2.- Il controricorrente obietta che il trasferimento di quote di società di capitali non può essere considerato un affare "relativo ad un’azienda", quale che sia il tipo di attività esercitato dalla società intermediata, giacchè la cessione di una partecipazione sociale non determina anche la cessione di una parte dell’azienda, la cui titolarità continua a far capo alla società.

Osserva, tra l’altro, che la ratio della collocazione nella sezione degli "agenti immobiliari" dei mediatori in "affari relativi ad aziende" è da rinvenirsi nella valorizzazione, da parte del regolamento, della materialità dell’azienda per il suo essere costituita da beni sia immobili che mobili, e non nella finalità (esercizio dell’attività d’impresa) che ne giustifica l’esistenza.

3.- Il ricorso è infondato.

L’affermazione della corte d’appello secondo la quale il ricorrente aveva, nella specie, mediato "nel settore dei servizi" (alla fine di pagina 6 della sentenza impugnata) non è affatto sintomo – salvo quanto si dirà in seguito – della confusione, che il ricorrente ascrive alla corte territoriale, tra l’oggetto del contratto e l’oggetto dell’attività della società.

La forzatura concettuale si annida piuttosto nell’assunto del ricorrente, laddove qualifica se stesso come intermediatore della compravendita del capitale della società. L’oggetto del contratto intermediato era infatti costituito da (parte delle) quote di una società commerciale, che venivano cedute da taluni soggetti ad altri. E poichè la quota rappresenta l’insieme delle situazioni soggettive attive e passive connesse allo status di socio, la cessione della stessa, lungi dall’integrare una compravendita del capitale sociale (di cui continua ad essere invece titolare la società), in null’altro consiste che nel trasferimento della partecipazione sociale.

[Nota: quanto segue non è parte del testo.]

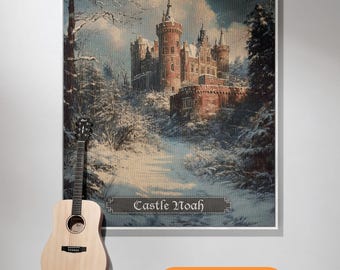 Medieval Castle Woven Blanket, Gothic Fantasy Home Decor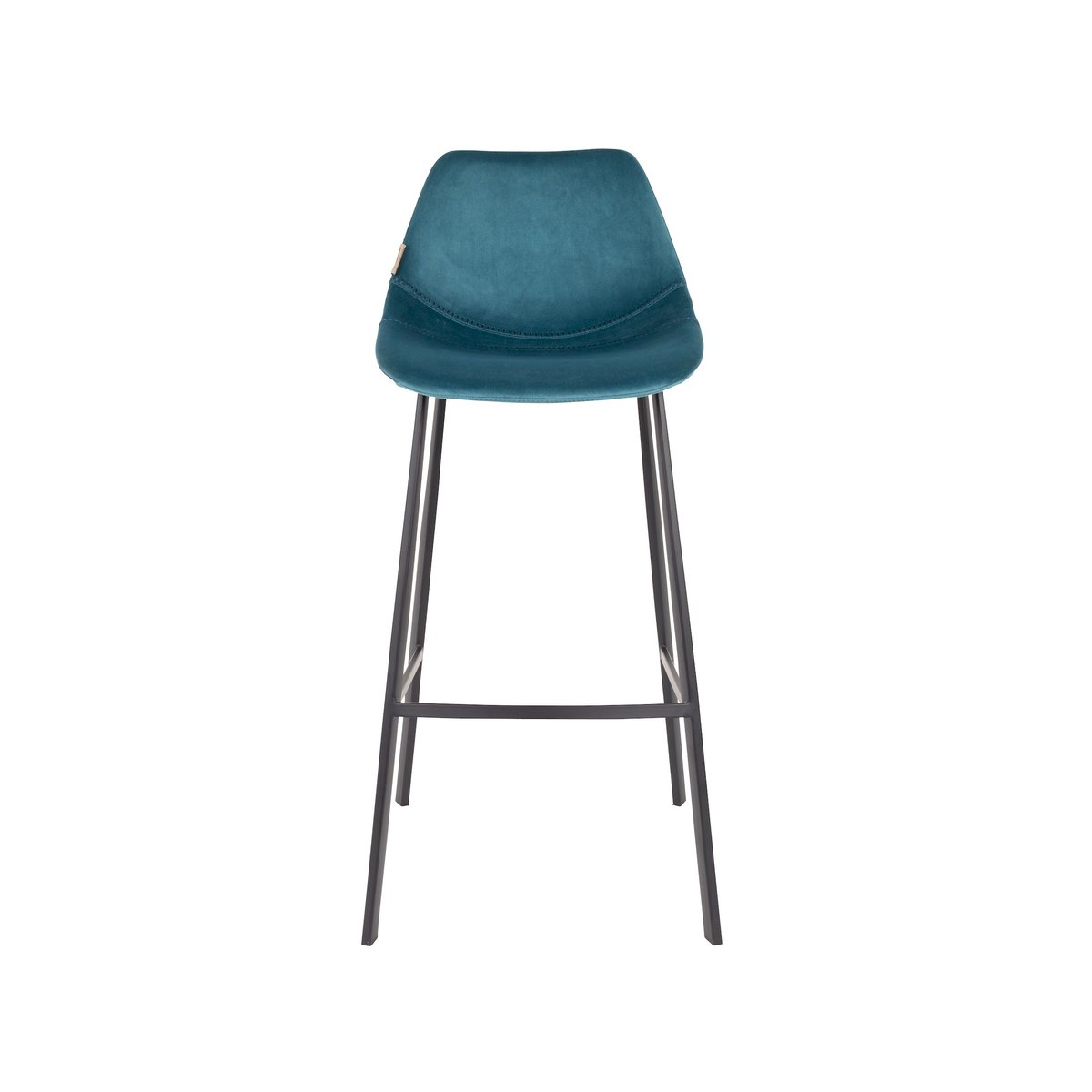 Tabouret design en velours (lot de 2) , FRANKY bleu, DUTCHBONE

Ne consegue che, quale che sia l’attività svolta da una società commerciale e quale la consistenza del suo patrimonio, il trasferimento da un soggetto ad un altro di una quota di partecipazione non è mai qualificabile come trasferimento della proprietà o del godimento di un’azienda, che è il complesso dei beni organizzati dall’imprenditore per l’esercizio dell’impresa, secondo la puntuale definizione offertane dal legislatore all’art. 2555 c.c..

Corollario ne è che la cessione di quote sociali, per gli effetti di cui alla L. n. 39 del 1989, richiede l’iscrizione non già nella sezione sub "a" del ruolo di cui al D.M. 21 dicembre 1990, n. 452, art. 3, comma 2 (nella quale sono iscritti gli agenti che svolgono attività per la conclusione di affari relativi ad immobili ed aziende), ma in quella sub "d", riservata non solo agli agenti che svolgono attività per la conclusione di affari relativi al settore dei servizi ma, con previsione residuale di carattere onnicomprensivo, anche a tutti gli altri agenti che non trovano collocazione in una delle sezioni precedenti. Com’è, appunto, nel caso di specie.

Negando il diritto alla provvigione, la corte d’appello ha dunque adottato una soluzione corretta in diritto in riferimento alla L. 21 dicembre 1990, n. 452, art. 6 che subordina il diritto del mediatore alla provvigione all’iscrizione nella specifica sezione relativa all’attività mediatizia svolta, benchè la motivazione vada corretta laddove in sentenza s’è conferito rilievo al settore nel quale l’attività sarebbe stata espletata (servizi) anzichè alla circostanza che l’attività svolta non trova collocazione in nessuna delle sezioni precedenti.

4.- Il ricorso è respinto.

La totale difformità tra le decisioni di merito, la novità della questione e le ragioni della decisione inducono alla compensazione delle spese del giudizio di cassazione.

P.Q.M.

LA CORTE DI CASSAZIONE rigetta il ricorso e compensa le spese.

Testo non ufficiale. La sola stampa del dispositivo ufficiale ha carattere legale.